116 3rd St SE
Cedar Rapids, Iowa 52401
Iowa made great strides for more than half a year at driving down the rate of COVID-19 infection. That progress is in jeopardy as coronavirus figures have started to tick back up in the past few weeks.
Luckily, there is already a solution available to us: We know the vaccines are effective at reducing transmission and especially effective at reducing severe illness from COVID-19.
We also know, however, that children under 12 are not cleared to receive the vaccines. It’s also possible that the vaccines’ efficacy wanes over time or that they might not be less effective against new variants. Those facts underscore the need for people who are eligible to get vaccinated as soon as possible.
There is never a good time for a surge in virus activity but this one coincides with Iowa’s busy summer travel and events season. People taking trips without or outside the state risk spreading the virus or bringing it home with them. Thousands of people are gathering at the RAGBRAI and county fairs across the state, and the State Fair is scheduled to start next month. It could be a recipe for disaster.
The increase in cases also comes after Iowa lowered basically all of the state’s defenses against coronavirus.

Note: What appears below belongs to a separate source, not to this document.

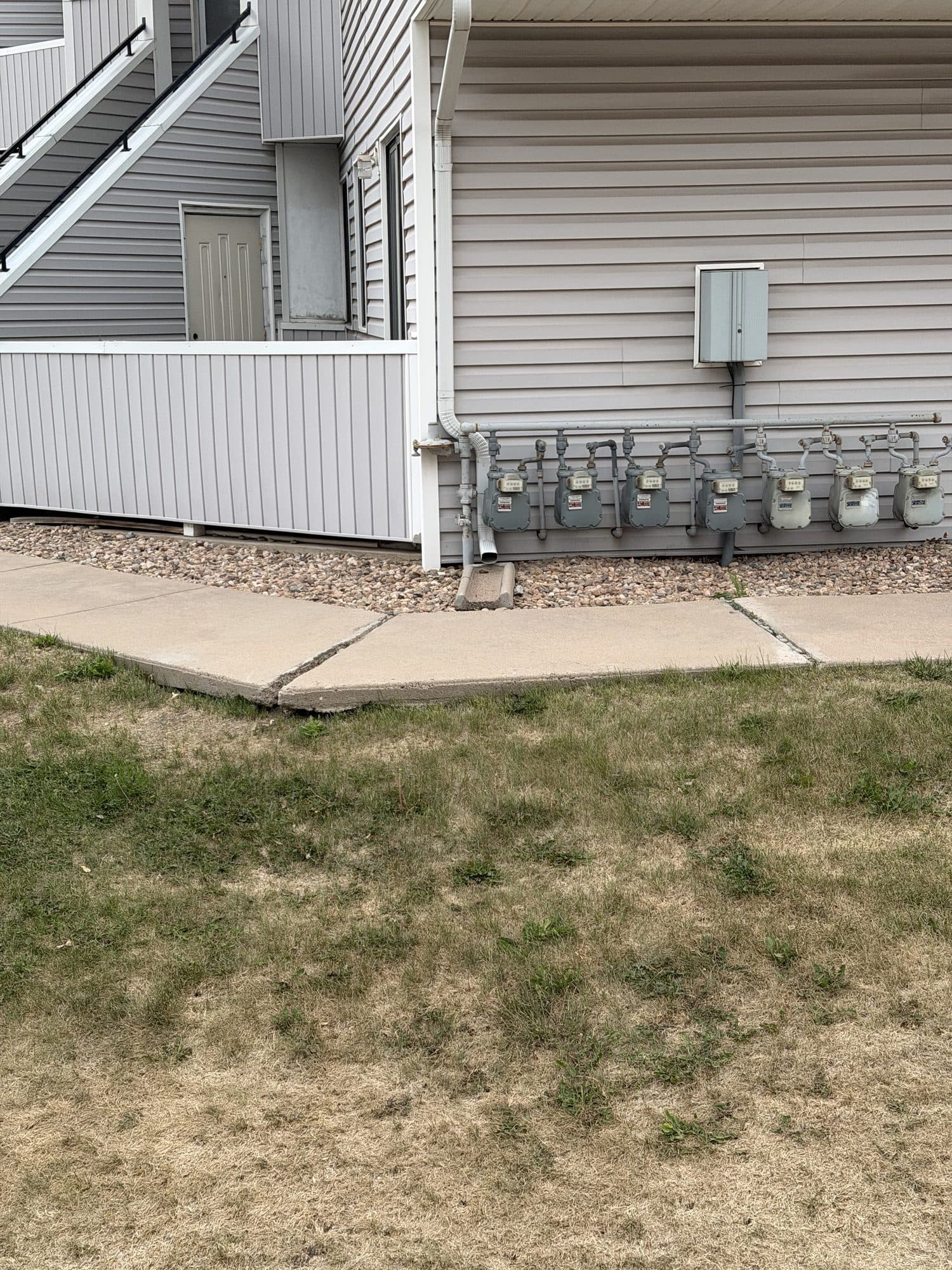 Building base and utility meters — IMG_1069: Base of building siding with adjacent utility meters at grade.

The limited mask requirement imposed by Gov. Kim Reynolds last year was rescinded in February. What’s more, due to a law signed by the governor this spring, schools this coming academic year will be prohibited from requiring students to wear masks.
The Test Iowa program that conducted more than half a million coronavirus tests at drive-in locations ended this month in favor of a system of take-home tests. Also, the state recently stopped providing daily case numbers and now is only disclosing that data to the public once per week.
Insufficient as those safeguards may have been, they at least gave us timely information about the virus’s spread. Now we’re flying blind as the disease shows signs of a deadly resurgence.
No one is eager to return to last year’s norm of wearing masks, staying home and socially distancing, least of all the governor. To avoid a situation like that, it’s imperative that vaccine holdouts take the shot.